── Material shown ──
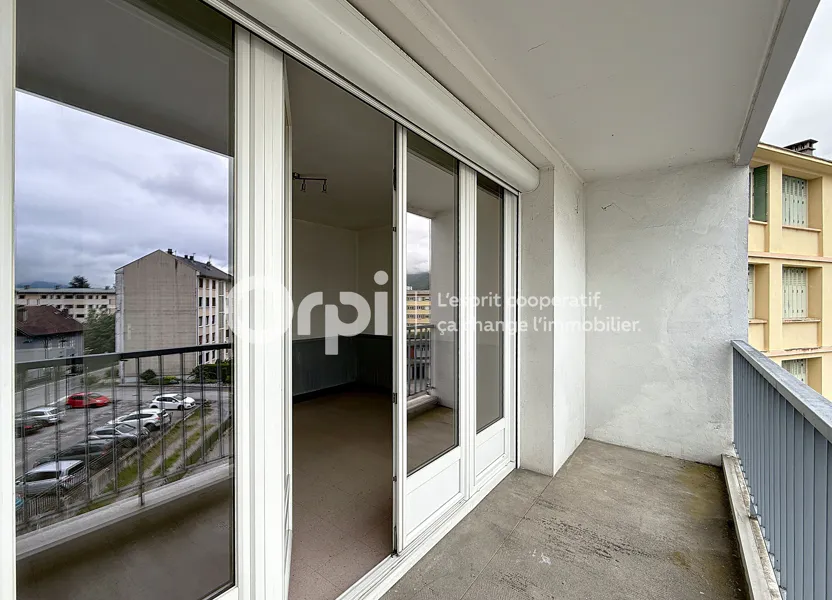 Flat Voie sur Berge in Albertville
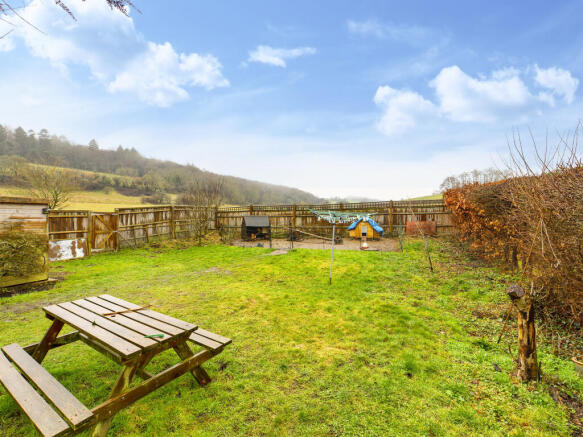 9010507-76046-133230020734755504-aeb6c001-b255-221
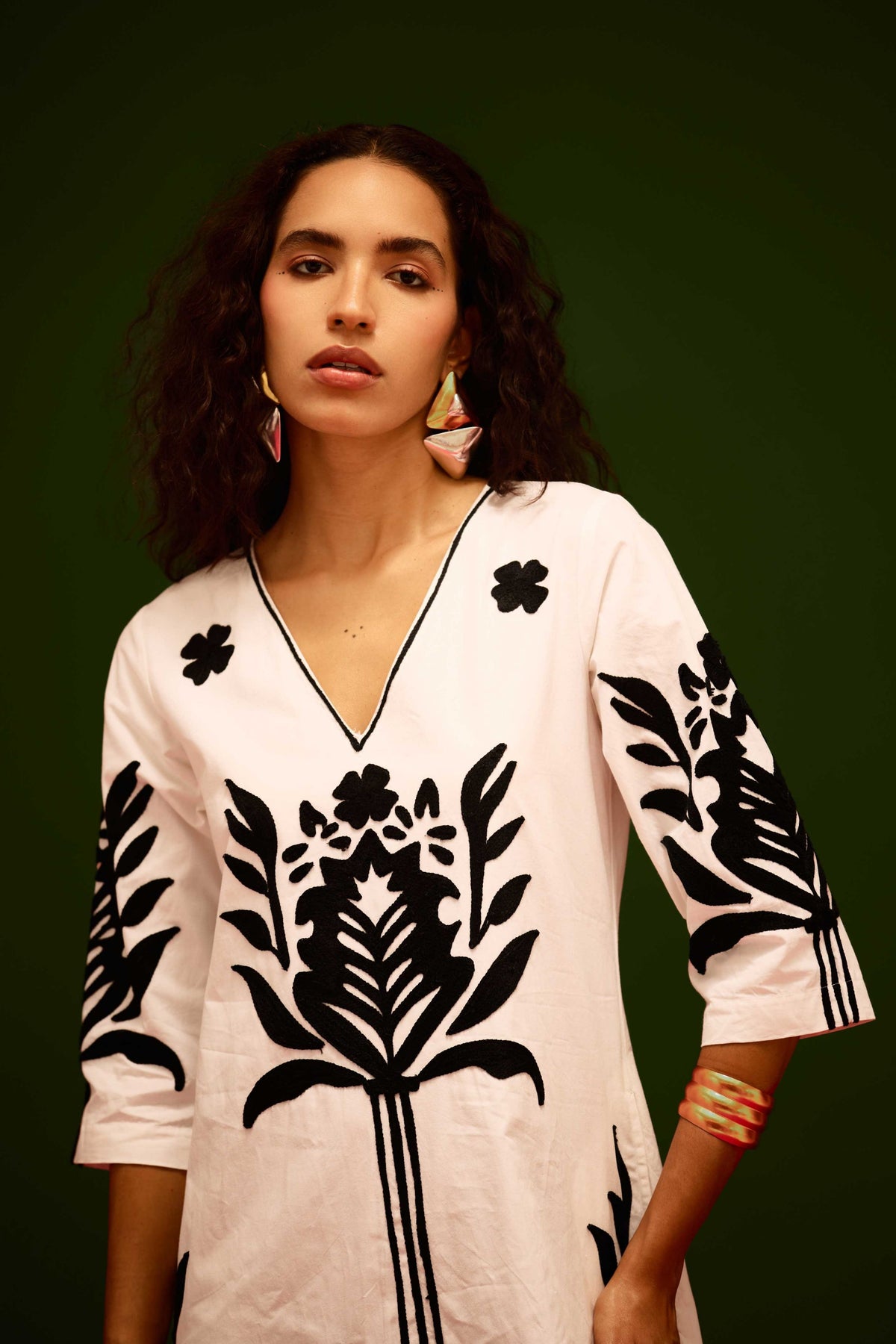 Black Tulip Ivory Dress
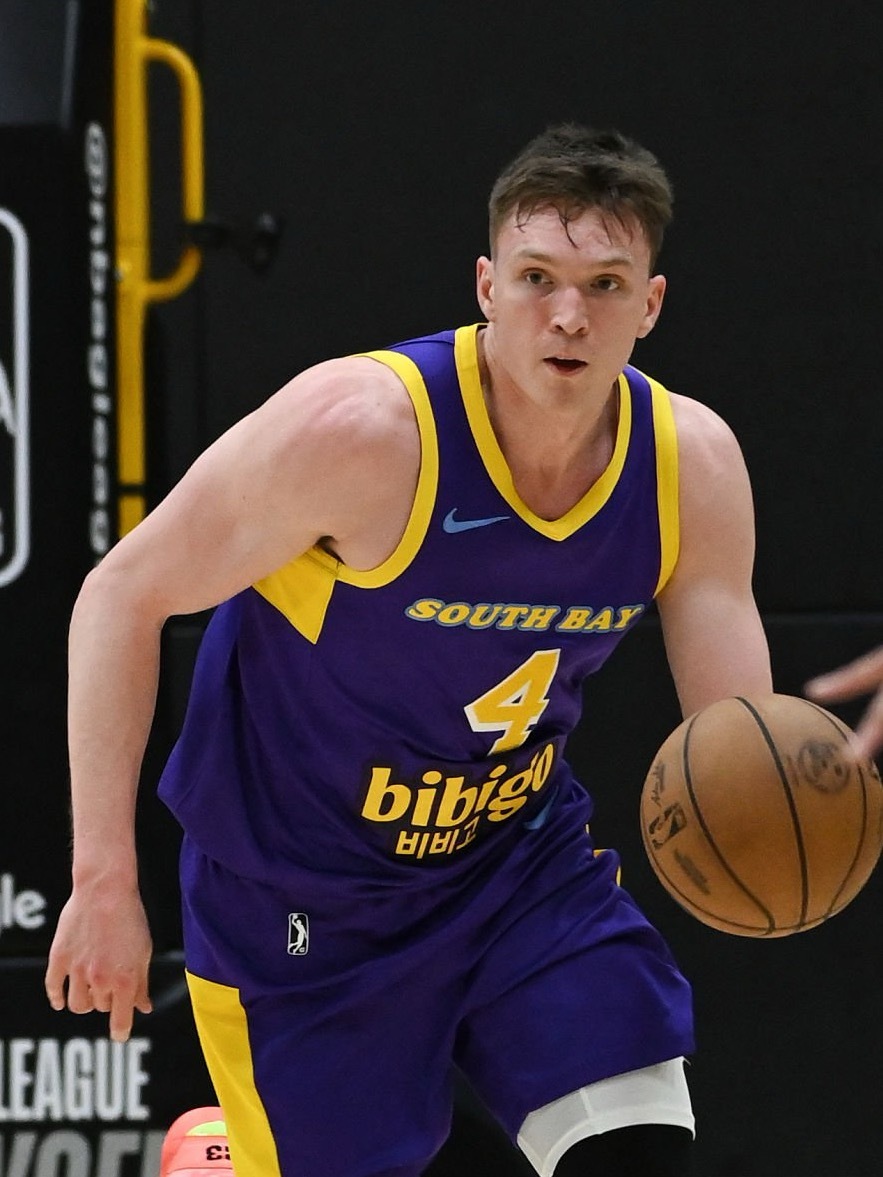 南湾湖人112-97战胜毒蛇，晋级西部决赛！西决将对阵国王克内克特24分13板，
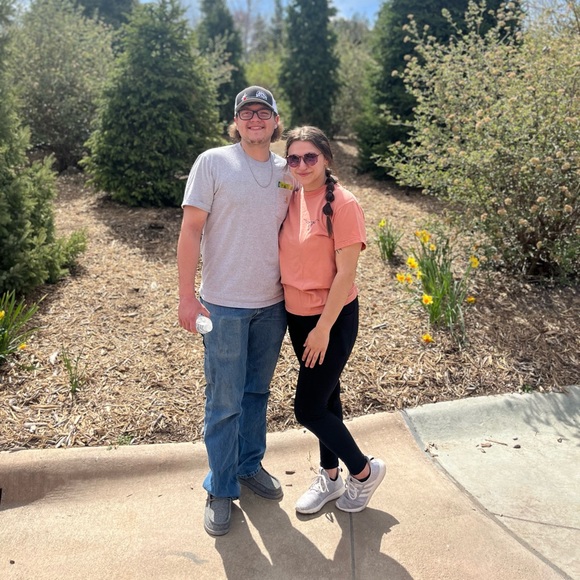 Profile Picture of Isabelle Hamilton (@__izzdog__) on Poshmark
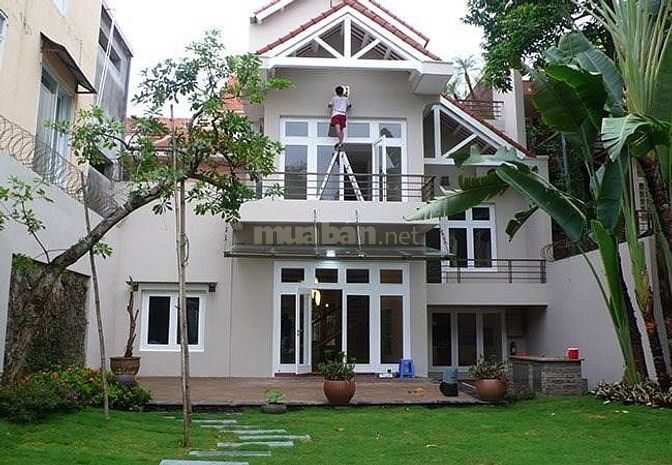 Cho thuê biệt thự sân vườn âu cơ tây hồ 38251739 Cho thuê biệt thự sân vườn âu cơ tây hồ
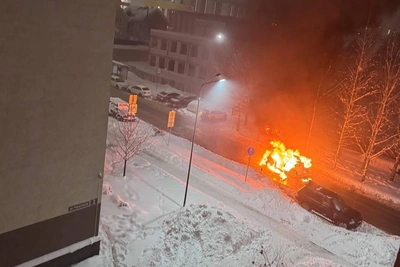 «Едва успел выпрыгнуть»: автомобиль вспыхнул в Нижнем Новгороде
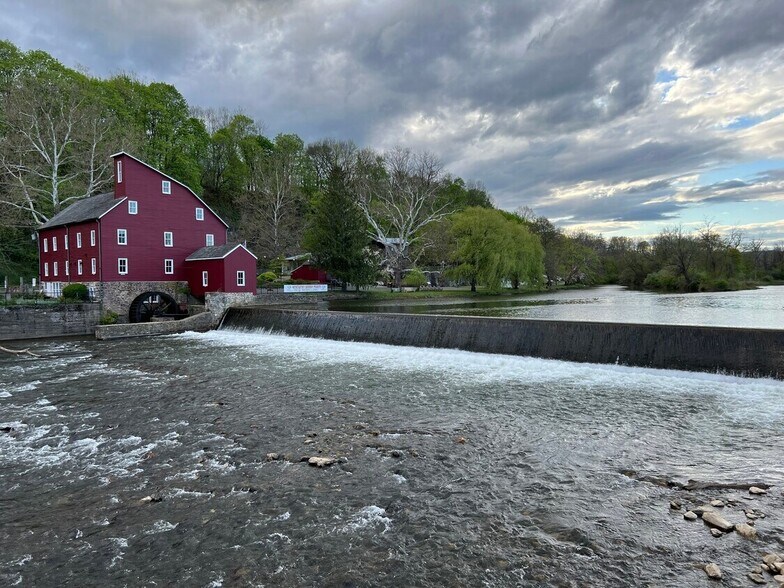 37 Main St, Clinton Township, NJ à louer - Photo du bâtiment - Image 3 de 21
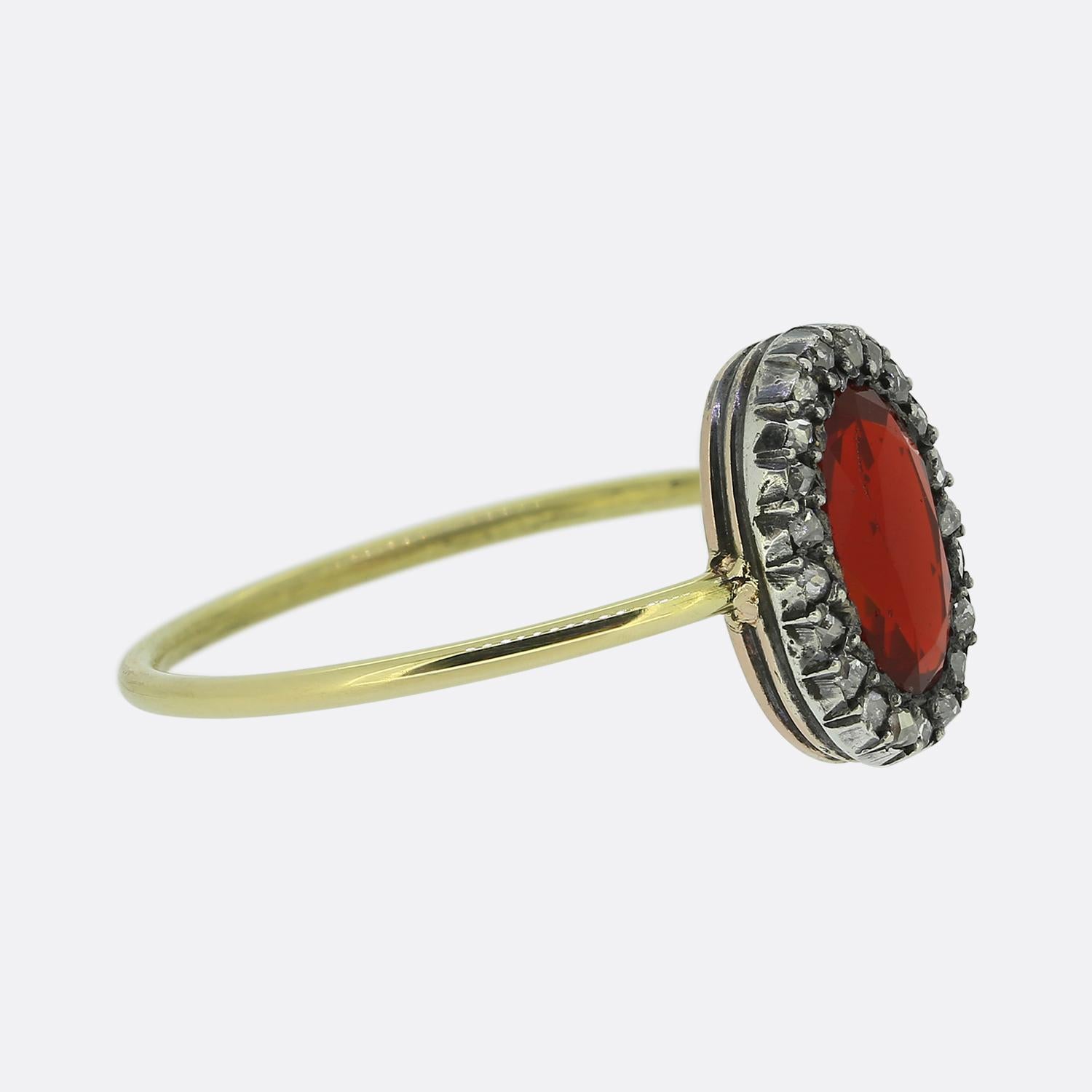 Antiker Rubin- und Diamant-Cluster-Ring (Viktorianisch) im Angebot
───
» Problem requirements
Exactly retype each record above, dropping images.

» Result of this exercise
 Flat Voie sur Berge in Albertville
 9010507-76046-133230020734755504-aeb6c001-b255-221
 Black Tulip Ivory Dress
 南湾湖人112-97战胜毒蛇，晋级西部决赛！西决将对阵国王克内克特24分13板，
 Profile Picture of Isabelle Hamilton (@__izzdog__) on Poshmark
 Cho thuê biệt thự sân vườn âu cơ tây hồ 38251739 Cho thuê biệt thự sân vườn âu cơ tây hồ
 «Едва успел выпрыгнуть»: автомобиль вспыхнул в Нижнем Новгороде
 37 Main St, Clinton Township, NJ à louer - Photo du bâtiment - Image 3 de 21
 Antiker Rubin- und Diamant-Cluster-Ring (Viktorianisch) im Angebot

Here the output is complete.